Each entry that appears below should be restated exactly as it is.

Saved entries
· · · ·
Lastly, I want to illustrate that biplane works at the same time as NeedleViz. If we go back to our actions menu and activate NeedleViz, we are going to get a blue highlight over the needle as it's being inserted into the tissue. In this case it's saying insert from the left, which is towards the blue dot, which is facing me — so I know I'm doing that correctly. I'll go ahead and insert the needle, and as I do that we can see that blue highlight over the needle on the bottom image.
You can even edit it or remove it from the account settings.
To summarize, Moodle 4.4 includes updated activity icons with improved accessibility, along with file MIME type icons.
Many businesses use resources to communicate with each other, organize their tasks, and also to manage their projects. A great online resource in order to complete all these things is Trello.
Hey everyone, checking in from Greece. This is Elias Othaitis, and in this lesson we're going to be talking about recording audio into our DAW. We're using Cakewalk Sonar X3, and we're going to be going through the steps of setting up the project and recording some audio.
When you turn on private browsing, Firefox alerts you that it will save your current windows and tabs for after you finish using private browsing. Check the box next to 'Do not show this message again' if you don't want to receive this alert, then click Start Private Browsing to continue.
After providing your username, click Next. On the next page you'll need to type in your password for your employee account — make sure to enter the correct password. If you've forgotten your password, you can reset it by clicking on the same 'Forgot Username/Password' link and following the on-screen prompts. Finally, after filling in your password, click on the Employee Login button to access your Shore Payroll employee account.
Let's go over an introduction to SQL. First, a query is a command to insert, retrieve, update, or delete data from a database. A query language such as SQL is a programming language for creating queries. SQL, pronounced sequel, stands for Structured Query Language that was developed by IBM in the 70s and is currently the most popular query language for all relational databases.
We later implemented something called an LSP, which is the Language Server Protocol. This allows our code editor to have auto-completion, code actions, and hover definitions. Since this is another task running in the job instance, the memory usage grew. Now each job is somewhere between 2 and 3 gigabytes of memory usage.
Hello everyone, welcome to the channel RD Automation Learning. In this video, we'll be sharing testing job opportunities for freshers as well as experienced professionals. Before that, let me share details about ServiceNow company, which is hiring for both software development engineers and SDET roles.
· · · ·
▶ _Response to the task_:
Lastly, I want to illustrate that biplane works at the same time as NeedleViz. If we go back to our actions menu and activate NeedleViz, we are going to get a blue highlight over the needle as it's being inserted into the tissue. In this case it's saying insert from the left, which is towards the blue dot, which is facing me — so I know I'm doing that correctly. I'll go ahead and insert the needle, and as I do that we can see that blue highlight over the needle on the bottom image.
You can even edit it or remove it from the account settings.
To summarize, Moodle 4.4 includes updated activity icons with improved accessibility, along with file MIME type icons.
Many businesses use resources to communicate with each other, organize their tasks, and also to manage their projects. A great online resource in order to complete all these things is Trello.
Hey everyone, checking in from Greece. This is Elias Othaitis, and in this lesson we're going to be talking about recording audio into our DAW. We're using Cakewalk Sonar X3, and we're going to be going through the steps of setting up the project and recording some audio.
When you turn on private browsing, Firefox alerts you that it will save your current windows and tabs for after you finish using private browsing. Check the box next to 'Do not show this message again' if you don't want to receive this alert, then click Start Private Browsing to continue.
After providing your username, click Next. On the next page you'll need to type in your password for your employee account — make sure to enter the correct password. If you've forgotten your password, you can reset it by clicking on the same 'Forgot Username/Password' link and following the on-screen prompts. Finally, after filling in your password, click on the Employee Login button to access your Shore Payroll employee account.
Let's go over an introduction to SQL. First, a query is a command to insert, retrieve, update, or delete data from a database. A query language such as SQL is a programming language for creating queries. SQL, pronounced sequel, stands for Structured Query Language that was developed by IBM in the 70s and is currently the most popular query language for all relational databases.
We later implemented something called an LSP, which is the Language Server Protocol. This allows our code editor to have auto-completion, code actions, and hover definitions. Since this is another task running in the job instance, the memory usage grew. Now each job is somewhere between 2 and 3 gigabytes of memory usage.
Hello everyone, welcome to the channel RD Automation Learning. In this video, we'll be sharing testing job opportunities for freshers as well as experienced professionals. Before that, let me share details about ServiceNow company, which is hiring for both software development engineers and SDET roles.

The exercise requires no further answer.